Isegrim Posted March 7, 2018 Posted March 7, 2018 Es gibt genügend RC Flugzeuge für RC Anfänger die nur über Gier Und Nicksteuerung verfügen. In der echten Luftfahrt gibt es das aus Sicherheitsgründen allerdings überhaupt nicht mehr, zumindest fällt mir kein Beispiel ein. Alles gut und alles richtig da ist nichts falsch. Happy flying. ISE "Blyat Naaaaa" - Izlom
RED Posted March 7, 2018 Posted March 7, 2018 Nicht vergessen, dass man nahe dem Strömungsabriss mehr Kontrolle um die Längsachse mit dem Seiten- als mit dem Querruder hat. Ist auch in DCS bei der F5 so. Bei der "stalled" die Tragfläche von außen nach innen, sodass die Querruder mit als erstes keine Wirkung mehr haben. Merkt man am meisten im Kurvenkampf, wenn man max. G zieht und dann erst die Flächen entlasten muss, um eine nutzbare Rollrate zu bekommen. Bei der Hawk sollte der Flügel genau umgekehrt von der Wurzel nach außen stallen, damit man auch noch bei etwas zu hohem Anstellwinkel gute Querruderwirkung hat. Hat jemand die Hawk und kann das bestätigen? Bin mal gespannt wie das mit der FA18 wird. Mit den LERX wird man wahrscheinlich schon vor dem kompletten Strömungsabriss keine Querruderwirkung mehr haben.
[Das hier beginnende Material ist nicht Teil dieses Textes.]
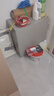 雨虹防水 樓頂屋頂防水補漏材料耐高溫防曬 防水涂料屋頂防水 耐磨升級款 曬單實(shí)拍圖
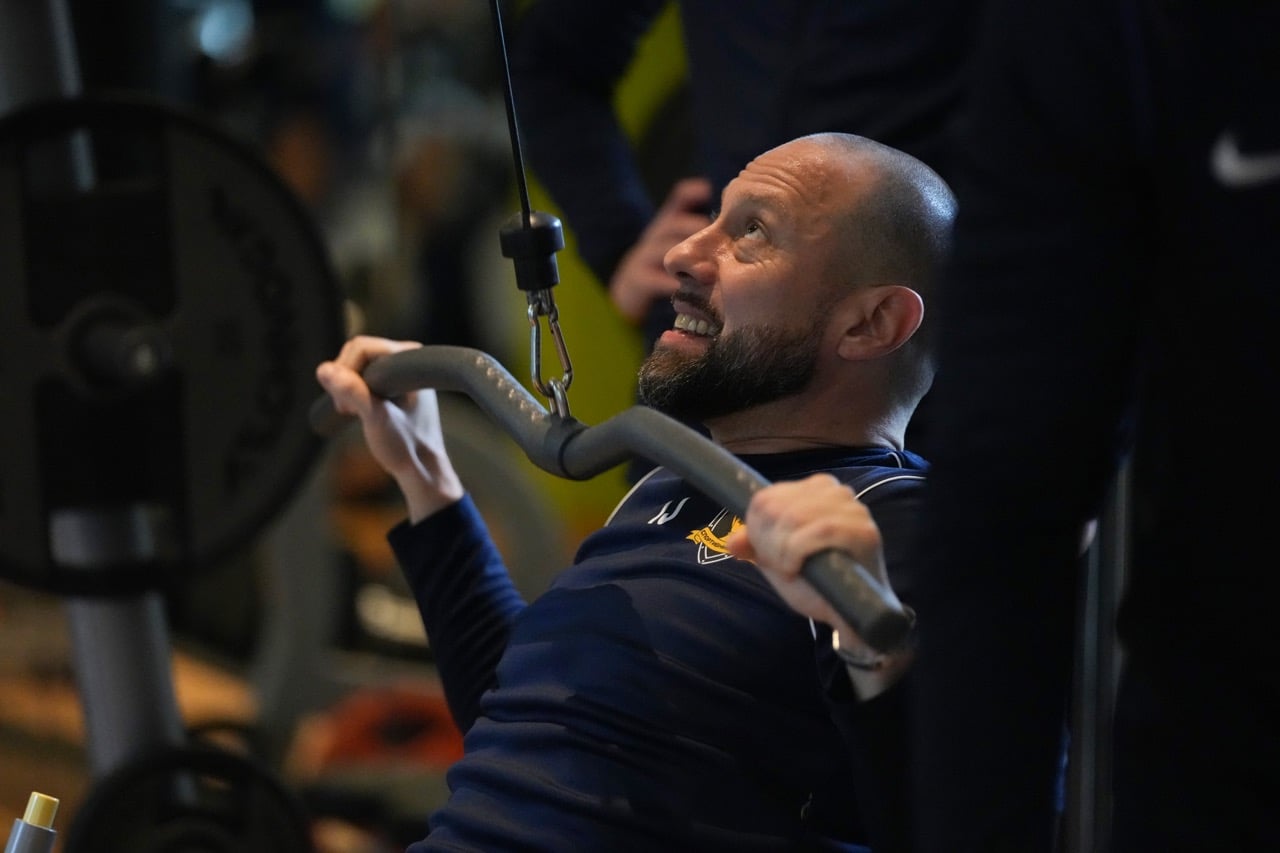 Йовічевіч у "Шахтарі". Хорватський зодчий на вістрі перебудови гранда УПЛ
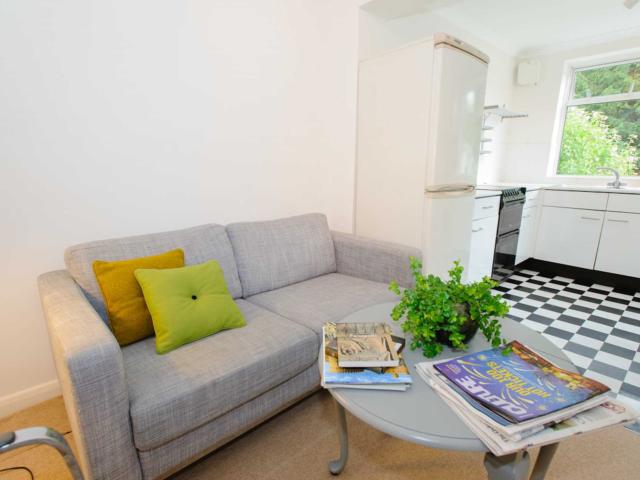 House for rent in The Slade, Oxfordshire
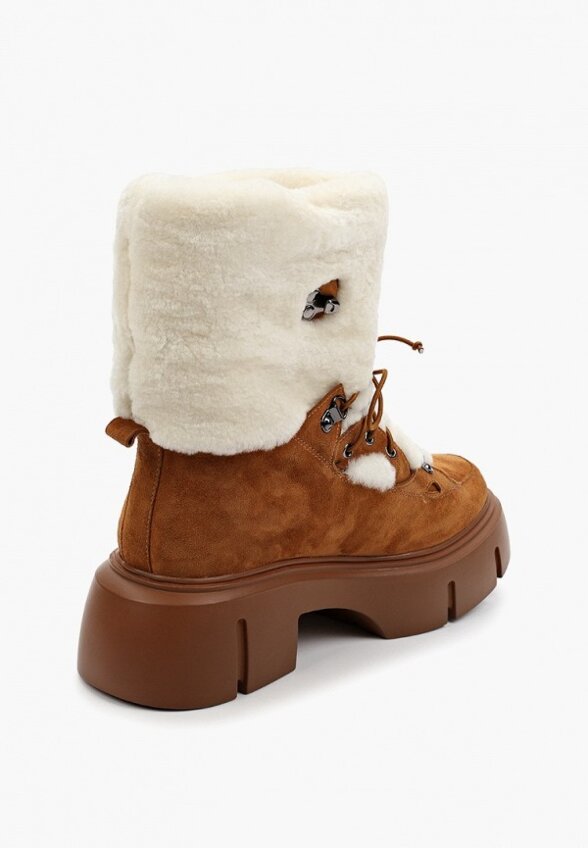 Ботинки Valley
Drotik Posted March 7, 2018 Posted March 7, 2018 (edited) Und das muss mit den Pedalen ausgeglichen werden damit eine koordinierte Kurve gefolgen wird. Das ist nun mal auch der einzige Grund warum Flugzeuge überhaupt ein Seitenruder haben. Es ist wohl die am wenigsten verstandene und am häufigsten falsch benutzte Steuerfläche. Und was Red da beschreibt, ein sehr wichtiger Punkt, trifft auf jedes Flugzeug zu. Die Tragflächen sollten immer so ausgelegt sein, dass der überzogene Zustand von innen nach außen auftritt. Um von ihm genannte Querruderwirkung zu erhalten. Die FA-18 ist dafür eines der besten Beispiele: Betrachtet mal die Flügel von der Seite, seht ihr wie deutlich sie verwunden sind. Wie die Spitze nach unten zeigt und die Wurzel nach oben? Das ist geometrische Schränkung durch Variation des Einstellwinkels entlang der Spannweite. Und zur Ergänzung: So ziemlich alle größeren, schnelleren Flugzeuge (mittlerweile auch schon kleine Leichtflugzeuge) besitzen einen in die Flugsteuerung integrierten Gierdämpfer der... das Gieren verhindert! Denkt immer daran: Das Seitenruder ist der Diener der Querruder und eigentlich zu nichts zu gebrauchen. FBW-Jets kann man sich solche Gedanken oft sowieso sparen, da man nicht die Steuerflächen direkt anspricht... Hmm... schwierig. Schwieriges Thema. Oft missverstanden. Edited March 7, 2018 by Drotik
Shadoga Posted March 7, 2018 Posted March 7, 2018 ... Denkt immer daran: Das Seitenruder ist der Diener der Querruder und eigentlich zu nichts zu gebrauchen. ... Das sehe ich auch schon im normalen Flight Envelope nicht so, vgl. oben genanntes Slippen oder Seitenwindstarts-/landungen oder Muster mit Propellerdrehmoment, spätestens im Bereich Kunstflug und Luftkampfmanöver ist die Aussage dann völliger Käse.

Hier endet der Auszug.